## Exercise brief
Output all entries verbatim.

## Data under study
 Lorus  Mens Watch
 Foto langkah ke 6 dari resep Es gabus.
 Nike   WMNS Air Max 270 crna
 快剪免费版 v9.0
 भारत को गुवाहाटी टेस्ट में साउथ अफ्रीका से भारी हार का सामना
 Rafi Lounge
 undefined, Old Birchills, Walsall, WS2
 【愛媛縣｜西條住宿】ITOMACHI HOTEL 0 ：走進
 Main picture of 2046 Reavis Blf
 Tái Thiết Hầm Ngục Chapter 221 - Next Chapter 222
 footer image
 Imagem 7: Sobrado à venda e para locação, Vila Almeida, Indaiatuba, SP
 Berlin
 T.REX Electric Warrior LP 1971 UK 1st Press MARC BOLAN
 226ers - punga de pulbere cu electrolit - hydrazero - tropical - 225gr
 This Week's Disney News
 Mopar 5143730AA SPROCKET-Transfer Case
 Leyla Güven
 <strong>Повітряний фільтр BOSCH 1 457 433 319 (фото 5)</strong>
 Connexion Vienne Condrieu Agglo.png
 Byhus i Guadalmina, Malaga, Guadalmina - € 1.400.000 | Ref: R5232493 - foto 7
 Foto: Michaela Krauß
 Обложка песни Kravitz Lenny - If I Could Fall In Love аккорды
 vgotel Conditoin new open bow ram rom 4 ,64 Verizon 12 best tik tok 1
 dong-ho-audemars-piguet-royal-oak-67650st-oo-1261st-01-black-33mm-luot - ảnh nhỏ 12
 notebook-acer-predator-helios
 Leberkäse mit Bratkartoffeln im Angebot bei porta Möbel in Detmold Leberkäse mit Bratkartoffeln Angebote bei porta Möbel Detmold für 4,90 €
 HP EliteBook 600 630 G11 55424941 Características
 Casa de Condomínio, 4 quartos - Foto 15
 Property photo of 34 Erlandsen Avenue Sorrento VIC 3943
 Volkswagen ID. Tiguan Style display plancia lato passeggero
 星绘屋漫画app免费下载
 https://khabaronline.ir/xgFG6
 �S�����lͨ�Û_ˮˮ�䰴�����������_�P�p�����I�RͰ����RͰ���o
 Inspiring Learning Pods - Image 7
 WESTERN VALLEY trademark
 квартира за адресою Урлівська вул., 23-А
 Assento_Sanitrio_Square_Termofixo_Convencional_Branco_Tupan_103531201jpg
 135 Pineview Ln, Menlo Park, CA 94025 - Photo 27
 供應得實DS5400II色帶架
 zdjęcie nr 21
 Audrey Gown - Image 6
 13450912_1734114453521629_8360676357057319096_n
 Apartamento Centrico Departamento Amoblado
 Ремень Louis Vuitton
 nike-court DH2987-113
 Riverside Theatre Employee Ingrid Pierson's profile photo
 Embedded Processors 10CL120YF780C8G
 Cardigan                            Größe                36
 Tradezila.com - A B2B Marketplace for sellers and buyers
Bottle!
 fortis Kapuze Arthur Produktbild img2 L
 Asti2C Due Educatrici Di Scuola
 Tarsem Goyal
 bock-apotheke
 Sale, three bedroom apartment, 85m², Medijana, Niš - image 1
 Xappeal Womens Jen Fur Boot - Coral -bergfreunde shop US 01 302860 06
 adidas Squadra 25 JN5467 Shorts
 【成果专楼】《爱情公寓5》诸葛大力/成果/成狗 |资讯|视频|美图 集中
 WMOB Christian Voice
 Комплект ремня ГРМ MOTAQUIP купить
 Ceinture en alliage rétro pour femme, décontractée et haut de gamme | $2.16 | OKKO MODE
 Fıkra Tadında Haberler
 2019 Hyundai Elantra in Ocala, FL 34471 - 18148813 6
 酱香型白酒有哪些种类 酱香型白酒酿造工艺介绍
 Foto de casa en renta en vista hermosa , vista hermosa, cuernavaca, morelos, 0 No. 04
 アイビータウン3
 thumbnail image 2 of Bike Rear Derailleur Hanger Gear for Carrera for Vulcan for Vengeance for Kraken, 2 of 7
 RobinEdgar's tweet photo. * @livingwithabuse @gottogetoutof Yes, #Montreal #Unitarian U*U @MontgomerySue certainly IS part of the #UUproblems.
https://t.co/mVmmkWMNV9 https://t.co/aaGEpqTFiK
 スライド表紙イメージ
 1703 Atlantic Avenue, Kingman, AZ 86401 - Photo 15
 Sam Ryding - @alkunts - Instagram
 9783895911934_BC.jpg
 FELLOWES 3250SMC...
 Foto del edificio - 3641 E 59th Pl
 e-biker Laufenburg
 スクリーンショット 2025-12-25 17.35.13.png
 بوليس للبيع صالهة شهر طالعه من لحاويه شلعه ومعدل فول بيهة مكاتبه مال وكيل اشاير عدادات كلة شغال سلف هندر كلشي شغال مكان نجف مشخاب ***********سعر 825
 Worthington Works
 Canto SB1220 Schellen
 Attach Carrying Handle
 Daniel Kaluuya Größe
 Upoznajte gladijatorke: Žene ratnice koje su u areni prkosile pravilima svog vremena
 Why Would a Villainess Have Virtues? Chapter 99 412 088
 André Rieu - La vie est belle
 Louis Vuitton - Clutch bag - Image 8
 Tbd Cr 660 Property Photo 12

## Answer area
 Lorus  Mens Watch
 Foto langkah ke 6 dari resep Es gabus.
 Nike   WMNS Air Max 270 crna
 快剪免费版 v9.0
 भारत को गुवाहाटी टेस्ट में साउथ अफ्रीका से भारी हार का सामना
 Rafi Lounge
 undefined, Old Birchills, Walsall, WS2
 【愛媛縣｜西條住宿】ITOMACHI HOTEL 0 ：走進
 Main picture of 2046 Reavis Blf
 Tái Thiết Hầm Ngục Chapter 221 - Next Chapter 222
 footer image
 Imagem 7: Sobrado à venda e para locação, Vila Almeida, Indaiatuba, SP
 Berlin
 T.REX Electric Warrior LP 1971 UK 1st Press MARC BOLAN
 226ers - punga de pulbere cu electrolit - hydrazero - tropical - 225gr
 This Week's Disney News
 Mopar 5143730AA SPROCKET-Transfer Case
 Leyla Güven
 <strong>Повітряний фільтр BOSCH 1 457 433 319 (фото 5)</strong>
 Connexion Vienne Condrieu Agglo.png
 Byhus i Guadalmina, Malaga, Guadalmina - € 1.400.000 | Ref: R5232493 - foto 7
 Foto: Michaela Krauß
 Обложка песни Kravitz Lenny - If I Could Fall In Love аккорды
 vgotel Conditoin new open bow ram rom 4 ,64 Verizon 12 best tik tok 1
 dong-ho-audemars-piguet-royal-oak-67650st-oo-1261st-01-black-33mm-luot - ảnh nhỏ 12
 notebook-acer-predator-helios
 Leberkäse mit Bratkartoffeln im Angebot bei porta Möbel in Detmold Leberkäse mit Bratkartoffeln Angebote bei porta Möbel Detmold für 4,90 €
 HP EliteBook 600 630 G11 55424941 Características
 Casa de Condomínio, 4 quartos - Foto 15
 Property photo of 34 Erlandsen Avenue Sorrento VIC 3943
 Volkswagen ID. Tiguan Style display plancia lato passeggero
 星绘屋漫画app免费下载
 https://khabaronline.ir/xgFG6
 �S�����lͨ�Û_ˮˮ�䰴�����������_�P�p�����I�RͰ����RͰ���o
 Inspiring Learning Pods - Image 7
 WESTERN VALLEY trademark
 квартира за адресою Урлівська вул., 23-А
 Assento_Sanitrio_Square_Termofixo_Convencional_Branco_Tupan_103531201jpg
 135 Pineview Ln, Menlo Park, CA 94025 - Photo 27
 供應得實DS5400II色帶架
 zdjęcie nr 21
 Audrey Gown - Image 6
 13450912_1734114453521629_8360676357057319096_n
 Apartamento Centrico Departamento Amoblado
 Ремень Louis Vuitton
 nike-court DH2987-113
 Riverside Theatre Employee Ingrid Pierson's profile photo
 Embedded Processors 10CL120YF780C8G
 Cardigan                            Größe                36
 Tradezila.com - A B2B Marketplace for sellers and buyers
Bottle!
 fortis Kapuze Arthur Produktbild img2 L
 Asti2C Due Educatrici Di Scuola
 Tarsem Goyal
 bock-apotheke
 Sale, three bedroom apartment, 85m², Medijana, Niš - image 1
 Xappeal Womens Jen Fur Boot - Coral -bergfreunde shop US 01 302860 06
 adidas Squadra 25 JN5467 Shorts
 【成果专楼】《爱情公寓5》诸葛大力/成果/成狗 |资讯|视频|美图 集中
 WMOB Christian Voice
 Комплект ремня ГРМ MOTAQUIP купить
 Ceinture en alliage rétro pour femme, décontractée et haut de gamme | $2.16 | OKKO MODE
 Fıkra Tadında Haberler
 2019 Hyundai Elantra in Ocala, FL 34471 - 18148813 6
 酱香型白酒有哪些种类 酱香型白酒酿造工艺介绍
 Foto de casa en renta en vista hermosa , vista hermosa, cuernavaca, morelos, 0 No. 04
 アイビータウン3
 thumbnail image 2 of Bike Rear Derailleur Hanger Gear for Carrera for Vulcan for Vengeance for Kraken, 2 of 7
 RobinEdgar's tweet photo. * @livingwithabuse @gottogetoutof Yes, #Montreal #Unitarian U*U @MontgomerySue certainly IS part of the #UUproblems.
https://t.co/mVmmkWMNV9 https://t.co/aaGEpqTFiK
 スライド表紙イメージ
 1703 Atlantic Avenue, Kingman, AZ 86401 - Photo 15
 Sam Ryding - @alkunts - Instagram
 9783895911934_BC.jpg
 FELLOWES 3250SMC...
 Foto del edificio - 3641 E 59th Pl
 e-biker Laufenburg
 スクリーンショット 2025-12-25 17.35.13.png
 بوليس للبيع صالهة شهر طالعه من لحاويه شلعه ومعدل فول بيهة مكاتبه مال وكيل اشاير عدادات كلة شغال سلف هندر كلشي شغال مكان نجف مشخاب ***********سعر 825
 Worthington Works
 Canto SB1220 Schellen
 Attach Carrying Handle
 Daniel Kaluuya Größe
 Upoznajte gladijatorke: Žene ratnice koje su u areni prkosile pravilima svog vremena
 Why Would a Villainess Have Virtues? Chapter 99 412 088
 André Rieu - La vie est belle
 Louis Vuitton - Clutch bag - Image 8
 Tbd Cr 660 Property Photo 12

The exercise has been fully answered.